WHAT TO DO
For the entries below, copy exactly the line that contains "Justin Bifold Wallet" through the line that contains "Conjunto Bebê Menina", both ends included, and exclude all pictures.

=-=-=

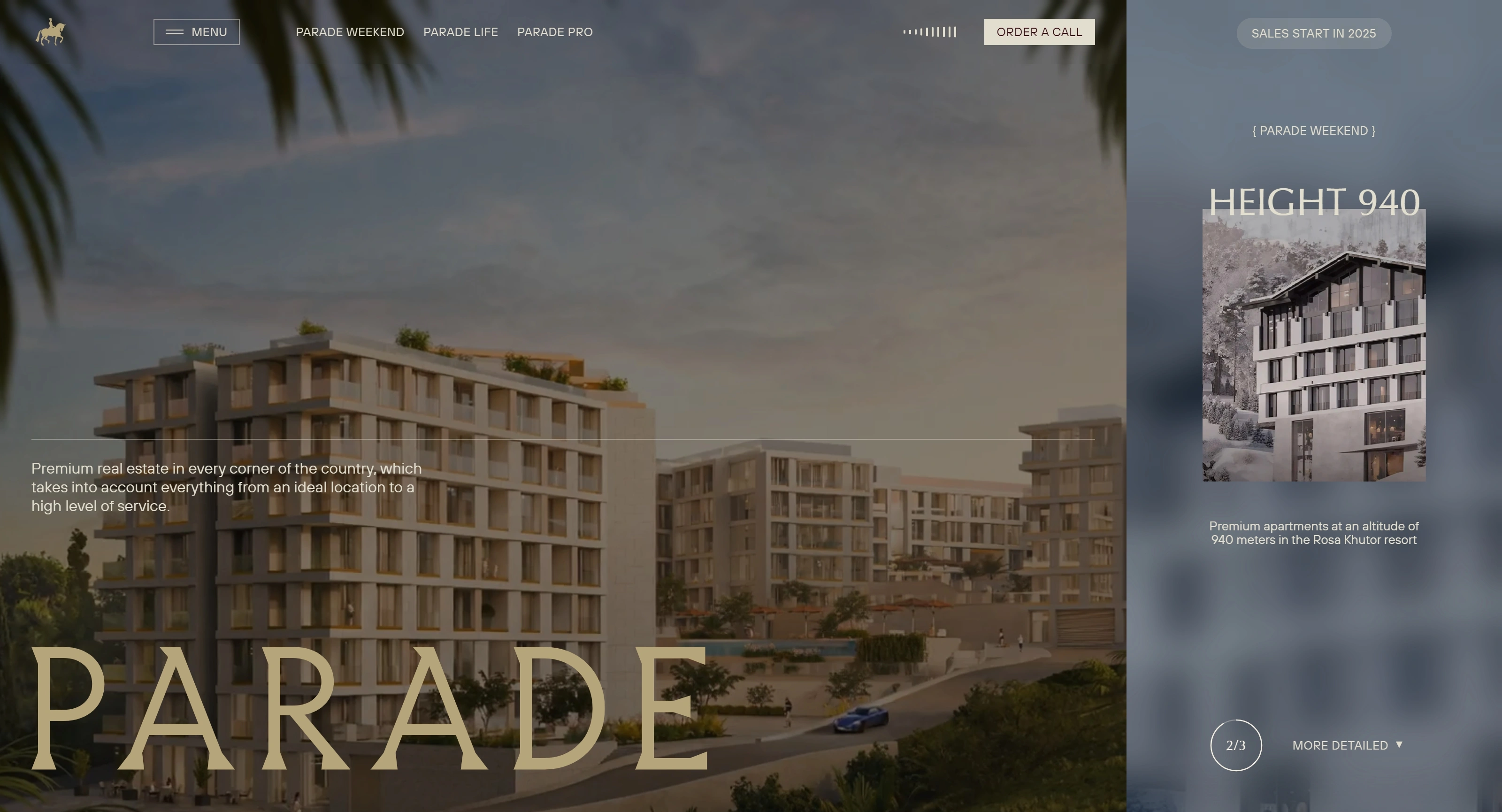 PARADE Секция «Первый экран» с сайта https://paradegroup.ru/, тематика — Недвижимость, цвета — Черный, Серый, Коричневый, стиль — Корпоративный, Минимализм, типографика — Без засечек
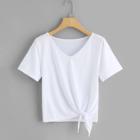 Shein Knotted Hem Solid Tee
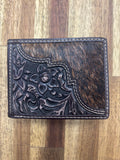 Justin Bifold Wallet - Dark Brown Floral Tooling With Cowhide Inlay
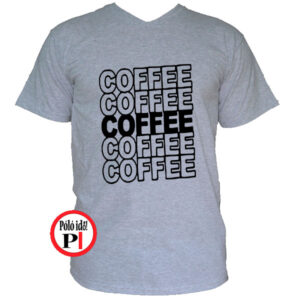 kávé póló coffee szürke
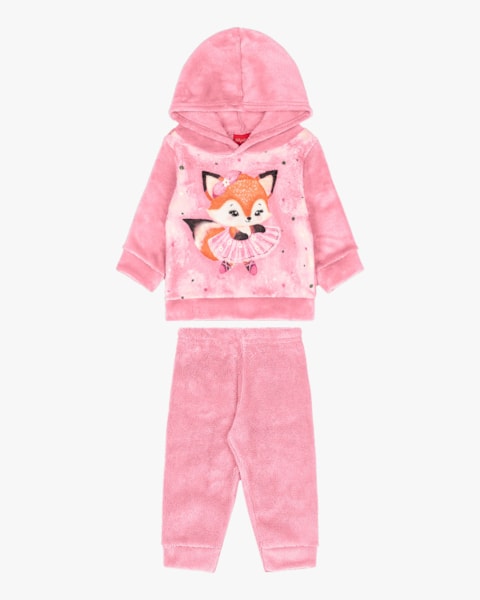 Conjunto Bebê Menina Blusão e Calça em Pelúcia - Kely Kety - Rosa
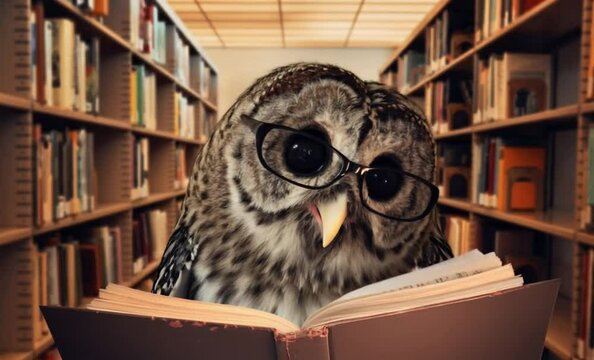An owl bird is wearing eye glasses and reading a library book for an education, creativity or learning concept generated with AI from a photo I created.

=-=-=

ANSWER TO THIS TASK
 Justin Bifold Wallet - Dark Brown Floral Tooling With Cowhide Inlay
 kávé póló coffee szürke
 Conjunto Bebê Menina Blusão e Calça em Pelúcia - Kely Kety - Rosa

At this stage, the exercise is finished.